Time is what happens when nothing else happens, afirma Feynman; para a continuación advertir que toda definición del tiempo es necesariamente circular, y que lo importante no es decir qué es el tiempo, sino decir cómo se mide lo que llamamos tiempo. En su enciclopédico tratado sobre la gravitación, Misner, Thorne y Wheeler nos recuerdan de forma sencilla y profunda lo que toda medida del tiempo físico debe cumplir: Time is defined so that motion looks simple (El tiempo se define por lo que el movimiento parece simple).

El tiempo es un concepto inventado por el hombre para ordenar, primero, sus sensaciones y actos, y luego, los fenómenos. Decían los escolásticos: Tempus est ens rationis cum fundamento in re. La primera unidad natural debió ser el día, por la ciclidad conspicua de las salidas del Sol. Los grandes avances científicos y tecnológicos a lo largo de los siglos han estado vinculados a los adelantos en la precisión con que se ha ido midiendo el tiempo. Hoy disponemos de relojes que aseguran un segundo en 20 millones de años, y el paso de la femtoquímica a la attofísica empieza a ser una realidad.

No pocas veces nos podemos ver perdidos en la vorágine de lo que llamamos tiempo, algo tan enorme que en realidad, no sabemos lo que es. No lo hemos llegado a comprender, y, por si fuero poco, tampoco sabemos, si en realidad existe. Los físicos siempre se han torturado con ese pensamiento y se han repetido esa pregunta: ¿Qué es el Tiempo?

El tiempo antes de Einstein.

La física nació en torno al tiempo. Las regularidades en los ciclos astrales permitieron el acierto en las predicciones apoyadas en esta periodicidad, y con ello despertó sin duda la confianza del hombre en la racionalidad, inclinándole a escoger el cosmos frente al caos. Al encuadrar el Tiempo como medida de las cosas que transcurren, de todo lo que paso, lo que pasa y lo que pasará, hemos conseguido centrarnos, de alguna manera, en ese concepto que define la naturaleza de lo que vemos a nuestro alrededor. Pasado, presente y futuro… ¿Una ilusión llamada Tiempo?
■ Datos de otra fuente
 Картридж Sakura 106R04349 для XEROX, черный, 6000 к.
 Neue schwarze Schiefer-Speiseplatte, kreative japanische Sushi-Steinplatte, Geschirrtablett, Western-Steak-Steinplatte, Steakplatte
Breve historia de la medida del tiempo

La longitud de las sombras fue uno de los primeros métodos usados para fijar las horas. En el Museo Egipcio de Berlín hay un fragmento de piedra que posiblemente sea de un reloj de Sol de alrededor de 1500 a.C. Los babilonios desarrollaron los relojes de Sol, y se dice que el astrónomo Anaximandro de Mileto los introdujo en Grecia en el siglo VI a. C.

En el siglo II a. C. Eratóstenes, el bibliotecario de la gran biblioteca de Alejandría, concibió y llevó a cabo la primera medida de las dimensiones de la Tierra de la que se tiene noticia. En el Año 2009, nombrado como Internacional de la Astronomía, una de las actividades que se llevaron a cabo por estudiantes de todo el mundo fue, precisamente averiguar el radio terrestre por el mismo método. Aparte de relojes de Sol, en la antigüedad se usaron también relojes de arena, de agua, cirios y lámparas de aceite graduadas.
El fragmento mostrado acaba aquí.